Dr Laham. The collateral index has been published previously and is a measure of the angiographic distribution and the angiographic filling of collaterals. Colored microspheres are used to determine flow, as well as resistance. The functional improvement and perfusion are determined by magnetic resonance imaging. All of these methods have been previously published extensively in the literature.

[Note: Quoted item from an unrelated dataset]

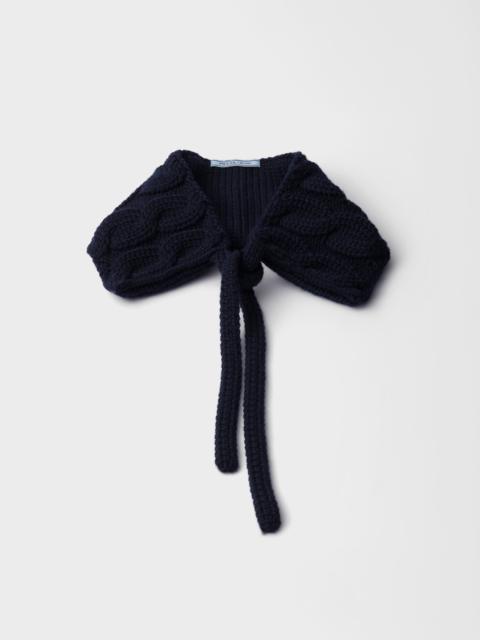 Prada Cable-knit wool collar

Dr Jacob Kolff (Johnstown, Pa). I would like to use angiostatin somehow or see what effect it would have. What if our philosophy is that the act of producing ischemia already maximally stimulates neoangiogenesis? Perhaps that can be stopped by applying some kind of an antivascular or neovascularization drug or enzyme. That way you would stop the collateralization, and perhaps you could show that these factors are in fact important if they are on the positive side of producing this neovascularization.
Dr Laham. It does seem from all our previous work that supplementation of these growth factors is necessary in most of these studies. It is probable that the ischemic response of the normal myocardium produces bFGF and VEGF. This has been demonstrated, but not to an extent that is sufficient for the growth of collaterals that would lead to significant improvement in function. The supplementation of these growth factors has been extensively studied in a sustained-release form. This is now an established technique, and phase 1 and phase 2 clinical trials in patients are now being conducted. The preliminary results are very promising. However, this study was designed to evaluate a single intrapericardial delivery, which was shown to be comparable with the sustained-release formulations that we and others had previously used. That is really the novelty of the study.